Hey look at that; Robert E Howard gave his Black Pirates of Barsoom wings.

“But they spoke of strange unhuman beings or survivals. They told me of the Yagas, a terrible race of winged black men. dwelling far to the south, within sight of the Girdle, in the grim city of Yugga, on the rock Yuthla, by the river Yogh, in the land of Yagg, where living man had never set foot. The Yagas, the Guras said, were not true men, but devils in a human form”

Hmm that looks like a Lovecraft thing. Howard put a Cthulhu heavy in his Barsoom Pastiche! I know I will look up some Lovecraft lingo to drop in an ever so clever gab post.

“The thing that had emerged from the dome was bigger then an elephant, and in shape something like a giantic slug, except that it had a fringe of tentacles all about its body. And from these writhing tentacles crackled sparks and flashes of blue flame.”

Howard’s Yagas are Lovecraft’s Nightgaunts. Lulz.

Nightgaunts have a vaguely human shape, but are thin, black, and faceless. Their skin is slick and rubbery. They sport a pair of inward-facing horns on their heads, a long barbed tail, and prehensile paws which are used to “tickle” their victims into submission. They can fly using a set of membranous wings. They make no sound.”

yaga

wut?

“The Statement of Randolph Carter”

“Randolph Carter”

Carter

What?

“I remember how I shuddered at his facial expression on the night before the awful happening, when he talked so incessantly of his theory, why certain corpses never decay, but rest firm and fat in their tombs for a thousand years.”

carter

WHAT?!?

The story begins by describing how the modern world has been stripped of imagination and belief in magic. The protagonist is an unnamed man who lives in a dull and ugly city. Every night for many years the man gazes from his window upon the stars, until he comes over time to observe secret vistas unsuspected by normal humanity. One night the gulf between his world and the stars is bridged, and his mind ascends from his body out unto the boundless cosmos.”

 

azinoth

WHAT THE F?!?!

“While the influence of the fantasies of Lord Dunsany on Lovecraft’s Dream Cycle is often mentioned, Robert M. Price argues that a more direct model for The Dream-Quest is provided by the six Mars (“Barsoom”) novels of Edgar Rice Burroughs that had been published by 1927.”

barsoom

……

Note: Both “Almuric” and “The Dream-Quest of Unknown Kadath” were published after their respective authors were dead….

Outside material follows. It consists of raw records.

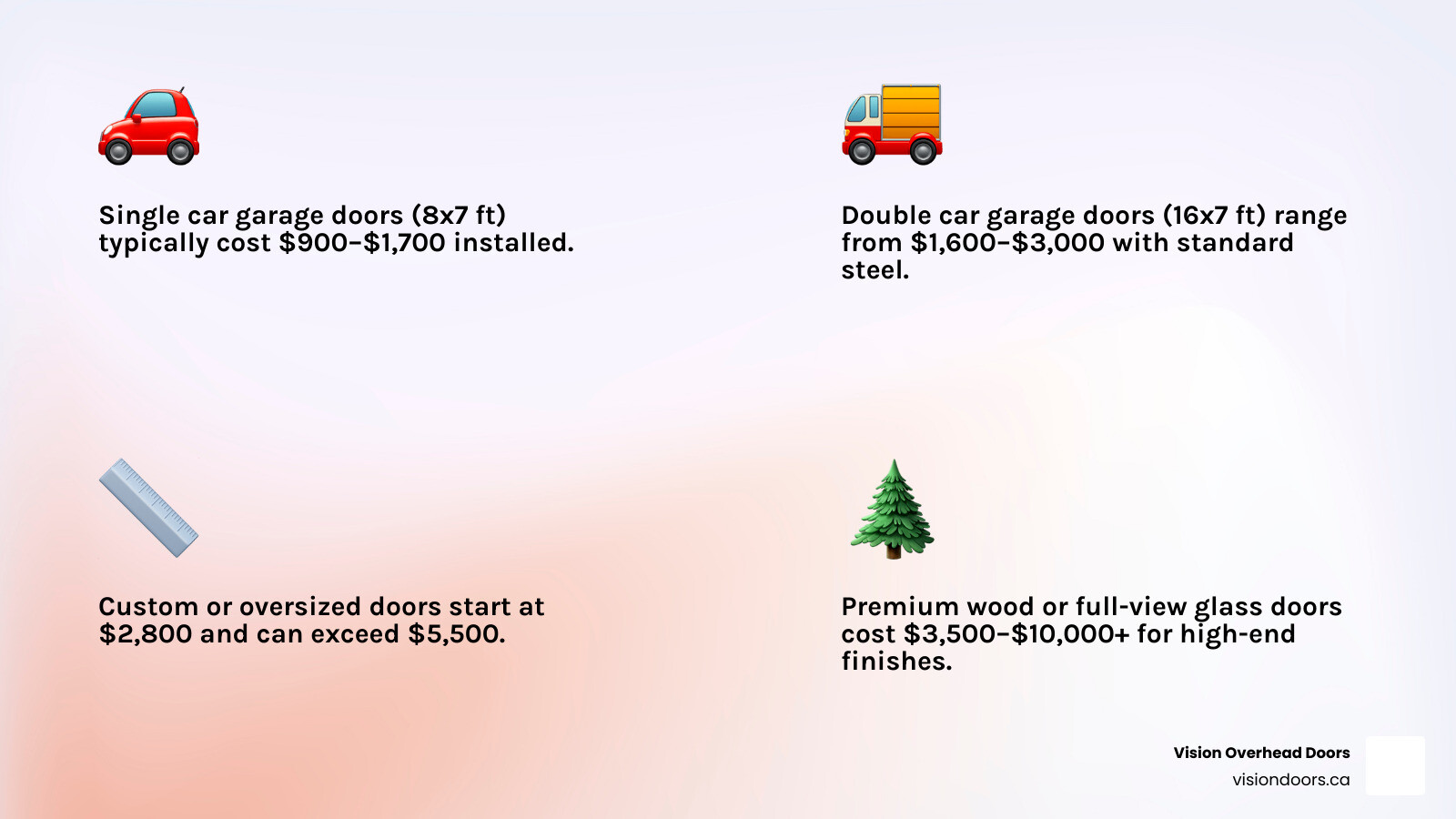 Infographic showing new garage door cost ranges by type, material, and key cost factors - how much does a new garage door Infographic showing new garage door cost ranges by type, material, and key cost factors - how much does a new garage door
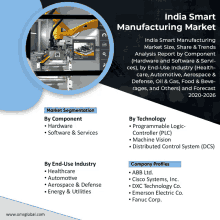 North American Smart Manufacturing Market GIF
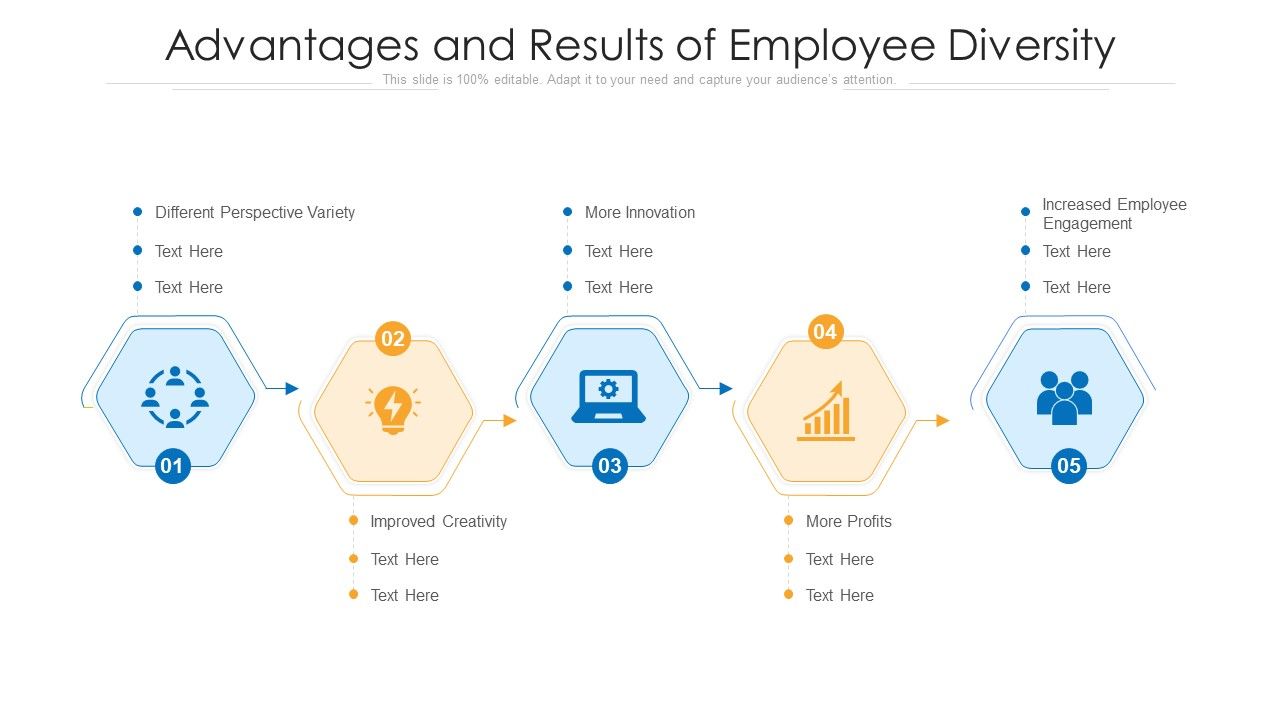 Advantages_And_Results_Of_Employee_Diversity_Ppt_PowerPoint_Presentation_Diagram_Templates_PDF_Slide_1.jpg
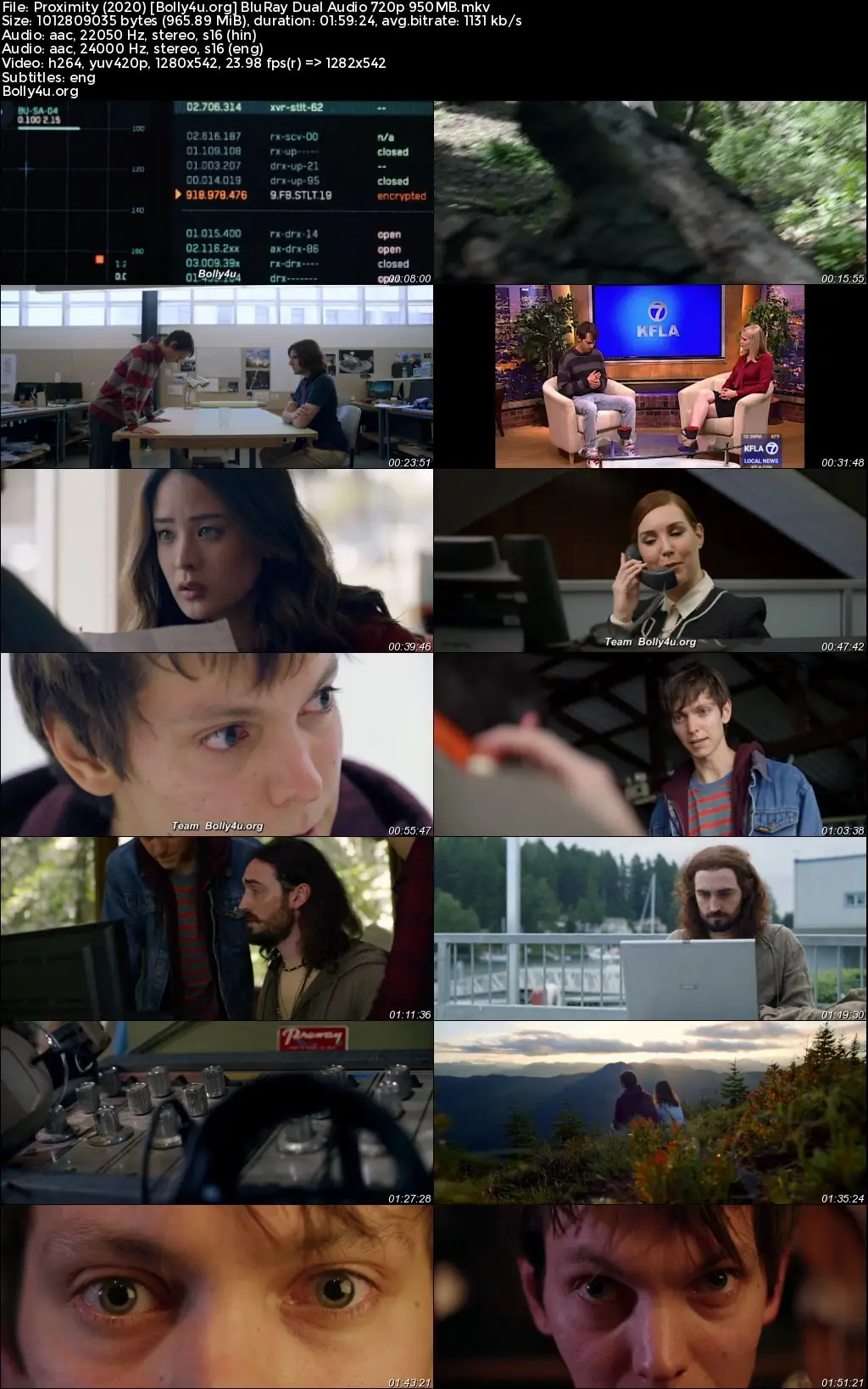 Proximity 2020 BluRay Hindi Dual Audio ORG Full Movie Download 1080p  720p  480p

Howard and Lovecraft were Barsoom fan-fic penpals.

5 thoughts on “Derpy Derp…lulz….wait….wut?”

  1. Makes sense to me.

    I believe that many of the writers of the 20s and 30s were thinking “Adventure” where we tend to think “Horror”, “SF” or “Fantasy”.

    Adventure could be anything to them, and ERB really was a huge influence on generations of writers.

    Now, where did I put my copy of Almuric?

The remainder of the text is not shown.